Here in the hospitable South, no one takes my cup. I have left a cup for hours all on its lonesome, and returned to see it happily awaiting fresh ice and refreshment to the brim.


biscuits

Just as the nurses are swift and silent in their banishment of empty cups, the cafeterias in the North are insidious in their erosion of the highest ideals of breakfast cuisine. For a while, I didn't even realize what was amiss, though I always sensed that something was dreadfully, horribly wrong. And then it dawned on me: I say to you there are no biscuits.

Southerners, I know you, you're laughing. No biscuits, you fool? you may be thinking. Did you look oh I don't know in the cafeteria? It didn't register with me, either. Sure, I don't choose biscuits every single time I eat before 11:00. I'm not above the occasional croissant. I'll eat butter just on my grits. But for pity's sake, biscuits at least have to be an option. For three years, I bought my breakfast, blithely accepting the croissant, the English muffin, the bagel every day with no thought to what had been eradicated from my morning as I knew it.

I don't ask for much. I just want a servicable biscuit with my breakfast. It don't gotta be Bojangles, but we all know what a biscuit is; well, all we sensible folks. Don't even get me started on the pale-brown lumps of hardtack that the Yankees expect me to glom down slathered in salt-salt-and-burnt-bits gravy of identical, pasty complexion. It had been so long without edible biscuits that I was pleasantly surprised to find them at the caf here at Wake Forest. And damn, that's a good biscuit. Got that buttery, crispy lid that leaves a dust of salt onto your fingertips, and a soft flaky interior that puffs a little steam as you bite down. And it does that biscuit thing... I can't explain how a biscuit can be delectably moist and tender, and yet cleave to the top of your mouth like peanut butter. But you know what I mean. Them's a real biscuit, and what pleasure after so long. I was only able to contain myself because my fiancee and I ate Bojangles at the Charlotte airport on the most recent trip up to Pittsburgh - I had at least tasted a biscuit within the last week.

Now imagine my satisfaction upon realizing that these same biscuits are served every day with fried chicken. I'll be! It's good to be home, folks. Home where they make 'em some biscuits.
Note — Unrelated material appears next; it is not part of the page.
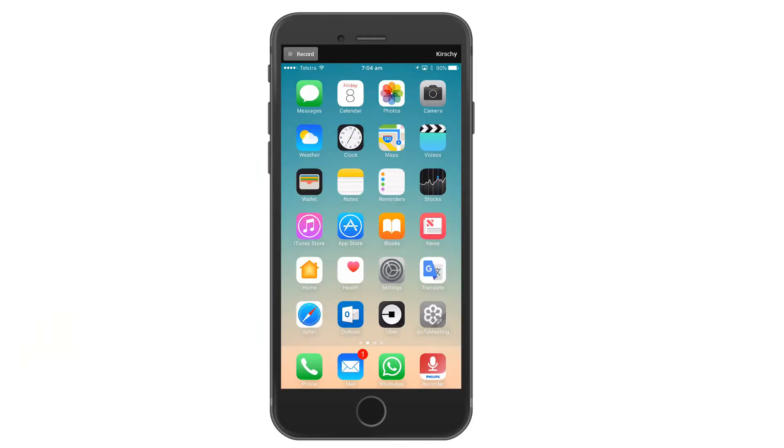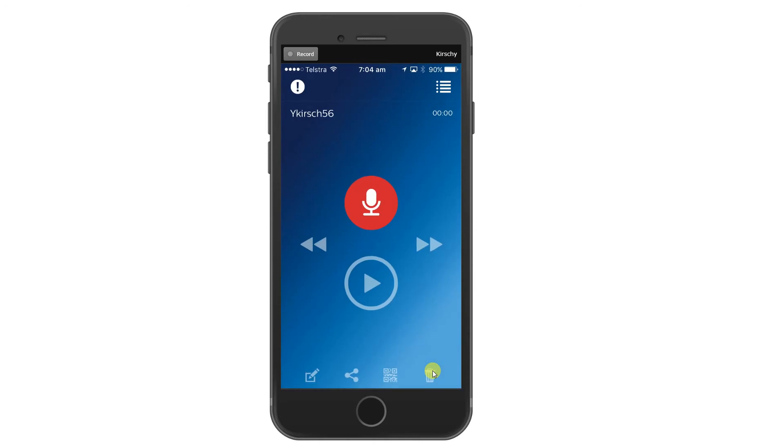I'm opening up my iPhone. Down here in the bottom, you see the Philips Recorder app. We just tap on it, and then the recorder opens up.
Also, grits - funny story in and of itself to be blogged out later. I'm looking at you, Dad.


* I don't know if you follow Richmond news. Ok, actually, I know that you don't. Monument Avenue is named for the monuments to Southern generals placed along its oak-lined streets at major intersections. There was a big stink in the mid 1990's when the city decided to add to the pantheon for the first time in 67 years and who do you think they chose? Humanitarian, athlete, and Richmonder: Arthur Ashe. Regardless of the arguments pro and con (both of which had their merits) for a black 20th century tennis player chillin' with J.E.B. and Stonewall, the statue's placement ended hilariously: Who's got the books now, children? MWAHAHAHA!

** Depressingly true. If I had a nickel for every time I've been told I have no Southern accent... well, I'd be ashamed to tell you how rich I'd be. And I won't reveal here how shamefully I embarassed myself in front of my father one awful fall day. T'weren't pretty, friends.

1 comment:

Katie said...

hahaha! This is an awesome post. I also find there are no biscuits served in most breakfast places in Boston, although didn't realize it until now.

Also, I constantly get comments on how I don't have a southern accent. People are surprised that I'm from VA. I assumed it was because I'm from the beach, but now I see it's a statewide problem. Oh well, I guess I'll just have to get a boston accent.